WHAT YOU HAVE TO DO: Starting with the line with "Veganská kuchyně" in the entries below and going on through the line with "Creed Aventus Men Cologne 100ml - photo 2", output every line exactly and nothing more. No pictures.

RECORD EXTRACTS:
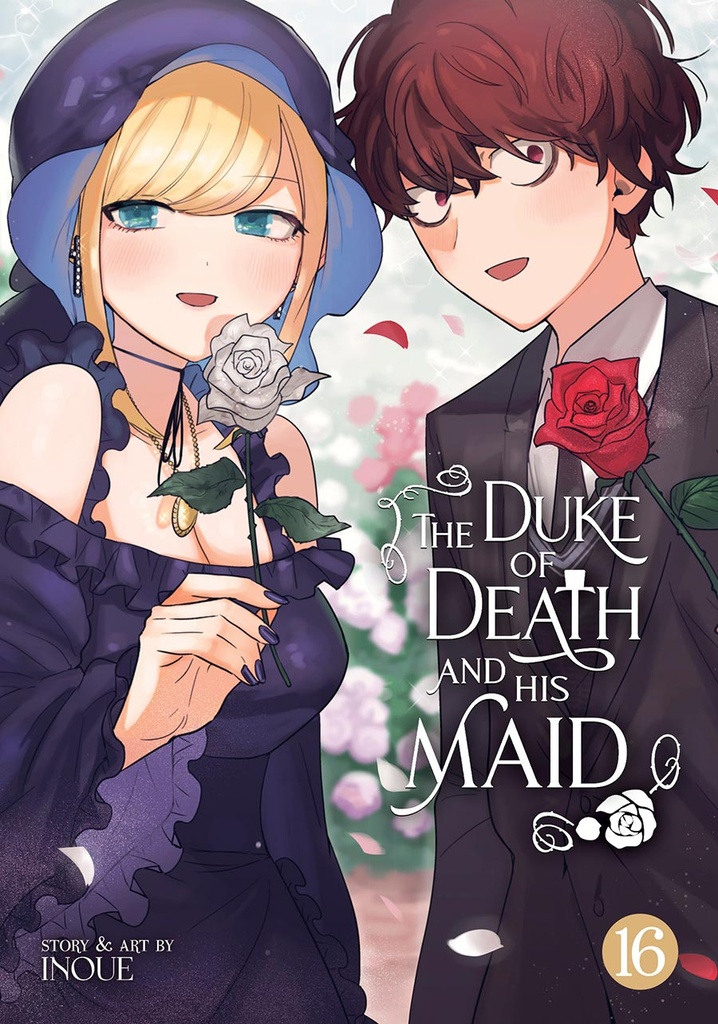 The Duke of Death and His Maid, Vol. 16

--

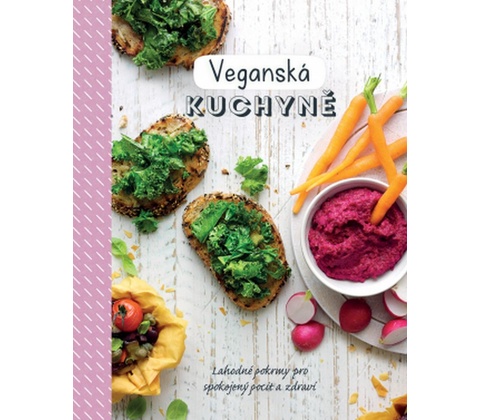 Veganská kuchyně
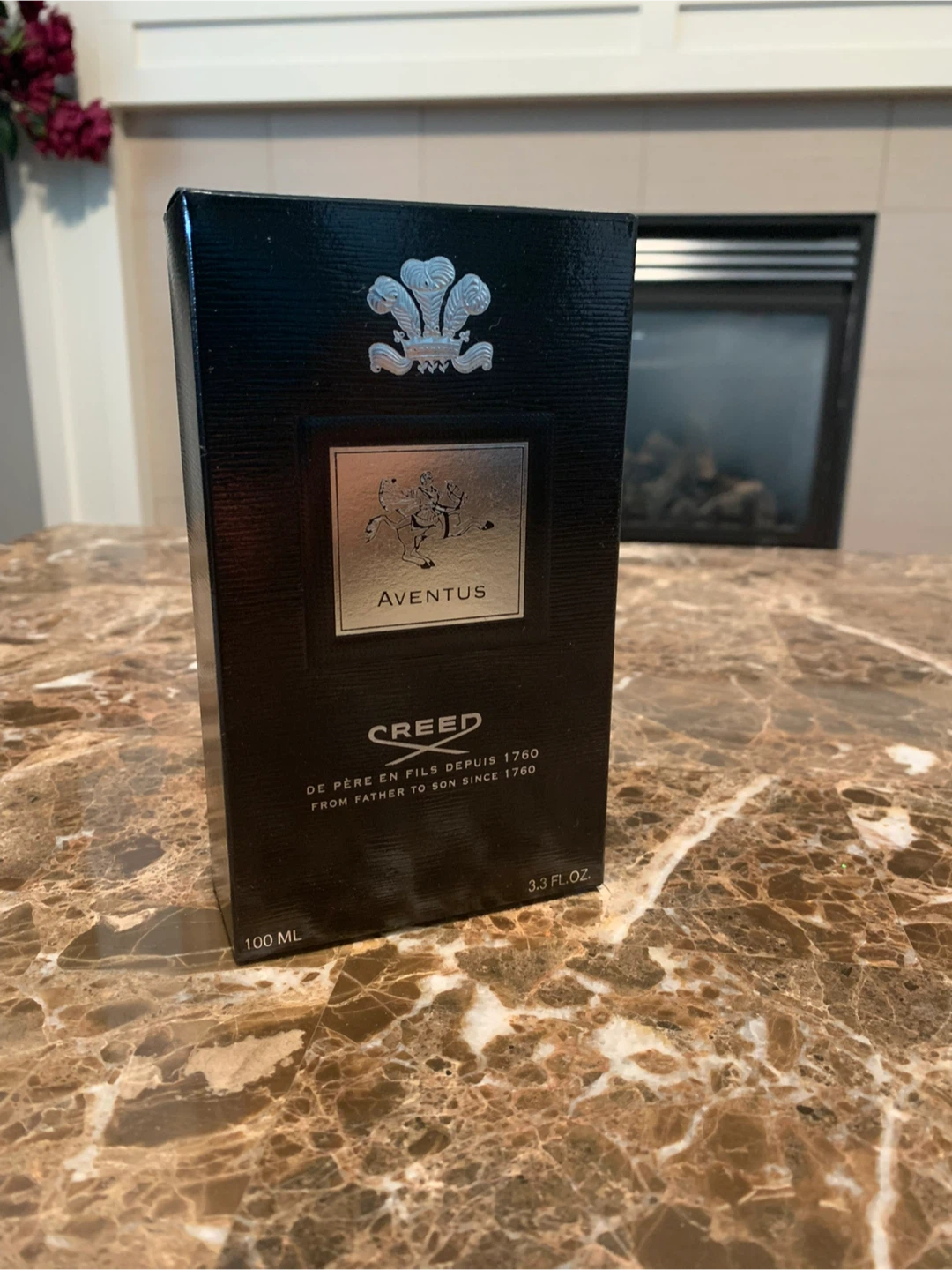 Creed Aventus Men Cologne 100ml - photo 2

SOLUTION:
 Veganská kuchyně
 Creed Aventus Men Cologne 100ml - photo 2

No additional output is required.